» Dataset records
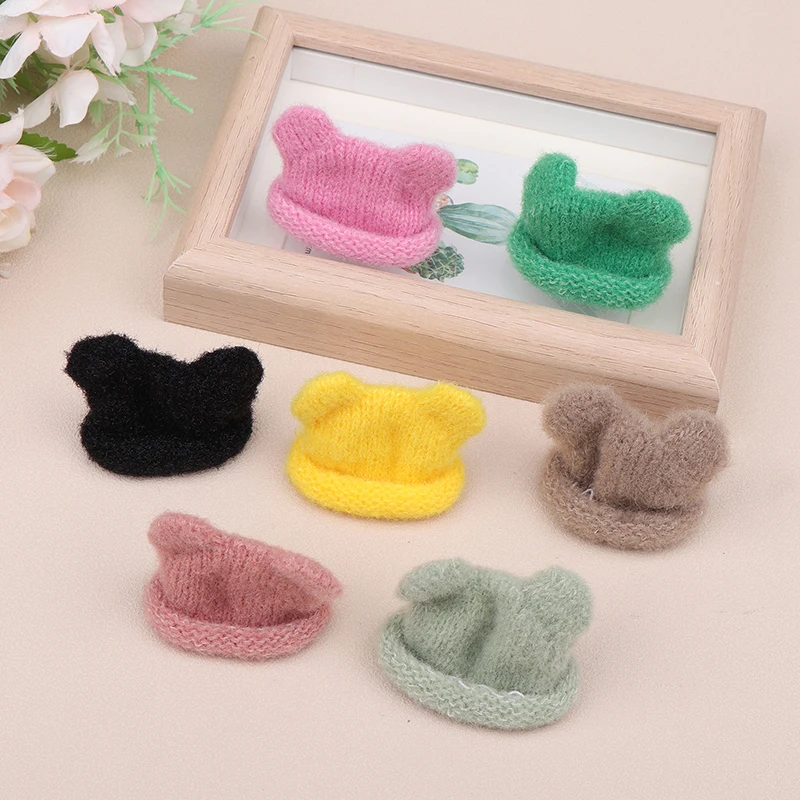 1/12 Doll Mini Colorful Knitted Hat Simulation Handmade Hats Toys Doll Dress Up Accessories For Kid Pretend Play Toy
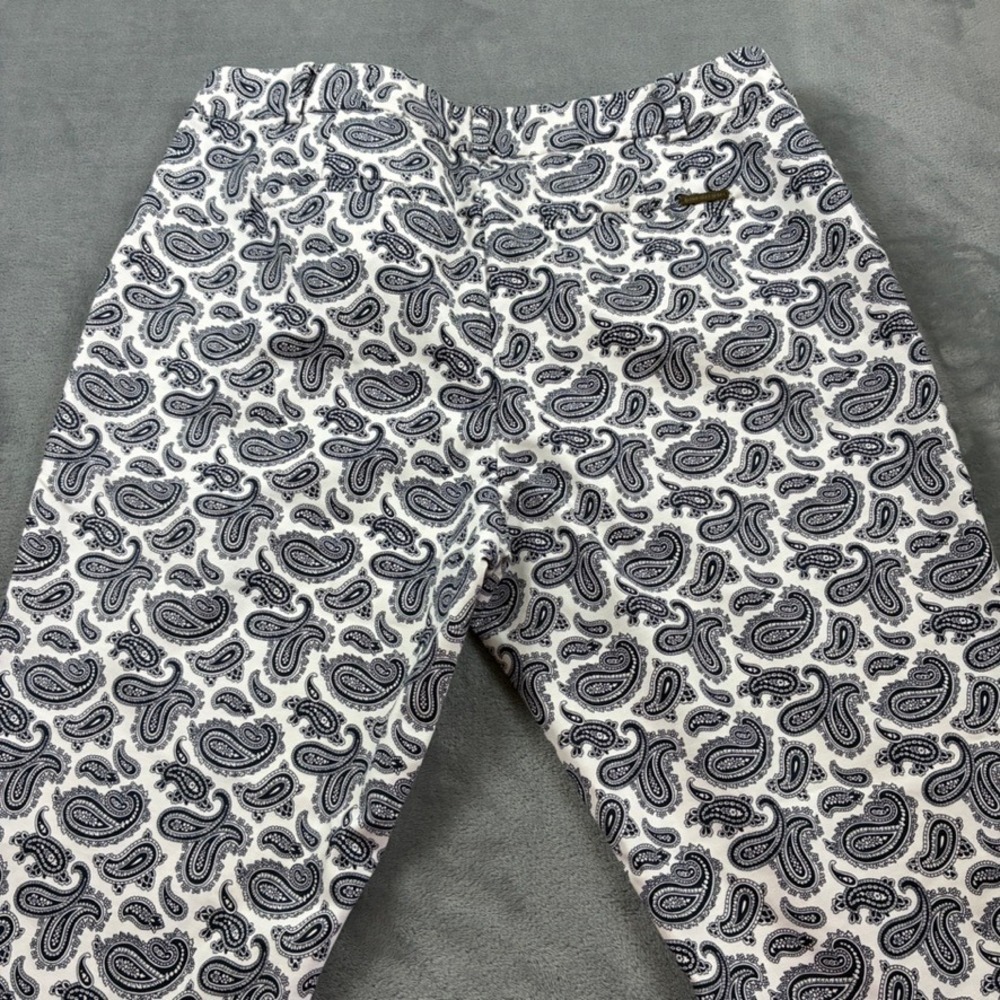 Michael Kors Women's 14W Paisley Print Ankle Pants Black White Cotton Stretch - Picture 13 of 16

* * *

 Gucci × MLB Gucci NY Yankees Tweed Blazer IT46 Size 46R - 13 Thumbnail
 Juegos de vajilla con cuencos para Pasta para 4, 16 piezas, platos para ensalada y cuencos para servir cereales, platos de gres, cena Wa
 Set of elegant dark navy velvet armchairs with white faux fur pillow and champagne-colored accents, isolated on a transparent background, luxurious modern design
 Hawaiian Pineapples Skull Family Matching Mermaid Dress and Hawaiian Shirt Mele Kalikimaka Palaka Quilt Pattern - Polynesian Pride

» Assignment
Above are the records. Print exactly, and only, the lines from the line with "Juegos de vajilla" to the line with "Hawaiian Pineapples Skull", both inclusive.

» Solution to the exercise
 Juegos de vajilla con cuencos para Pasta para 4, 16 piezas, platos para ensalada y cuencos para servir cereales, platos de gres, cena Wa
 Set of elegant dark navy velvet armchairs with white faux fur pillow and champagne-colored accents, isolated on a transparent background, luxurious modern design
 Hawaiian Pineapples Skull Family Matching Mermaid Dress and Hawaiian Shirt Mele Kalikimaka Palaka Quilt Pattern - Polynesian Pride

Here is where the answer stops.